Dataset excerpts >>
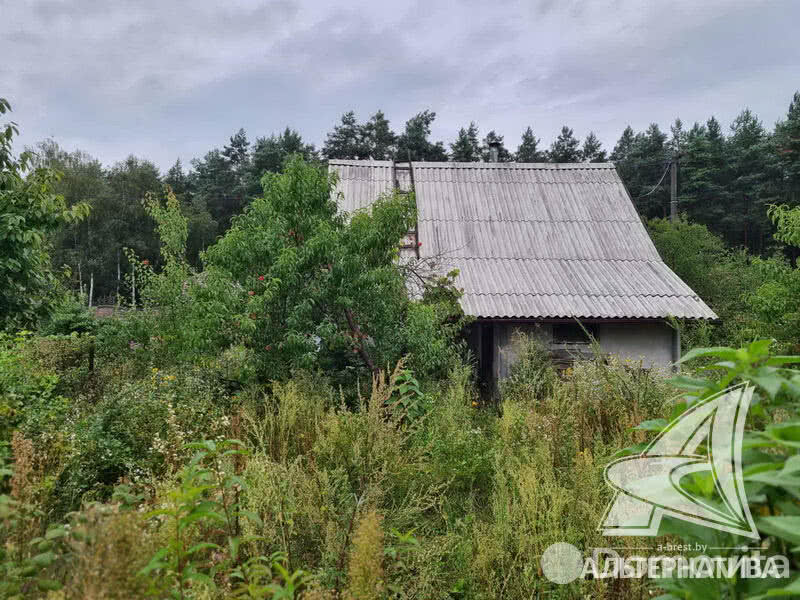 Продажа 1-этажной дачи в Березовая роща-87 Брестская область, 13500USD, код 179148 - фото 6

---

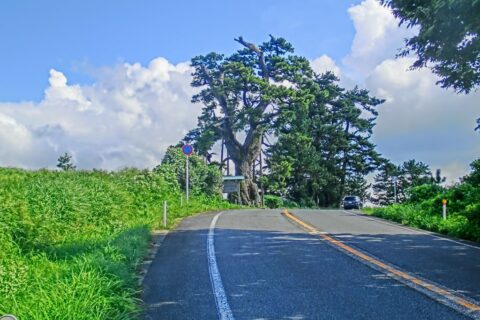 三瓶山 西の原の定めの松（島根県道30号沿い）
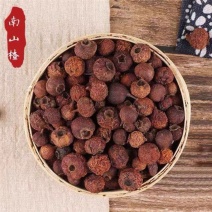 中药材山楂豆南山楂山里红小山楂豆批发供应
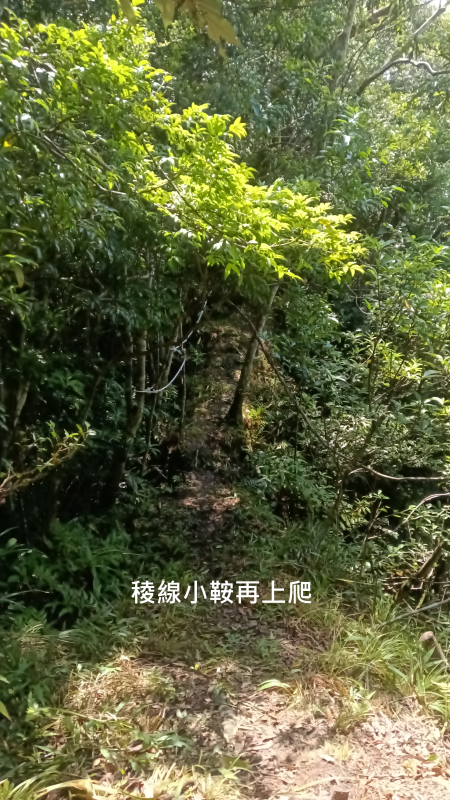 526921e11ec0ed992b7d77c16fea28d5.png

Brief >> Leaving out the pictures, please output the lines in the entries above from the one with "三瓶山 西の原の定めの松（島根県道30号沿い）" through the one with "526921e11ec0ed992b7d77c16fea28d5.png", exactly as they are.

Your solution >>
 三瓶山 西の原の定めの松（島根県道30号沿い）
 中药材山楂豆南山楂山里红小山楂豆批发供应
 526921e11ec0ed992b7d77c16fea28d5.png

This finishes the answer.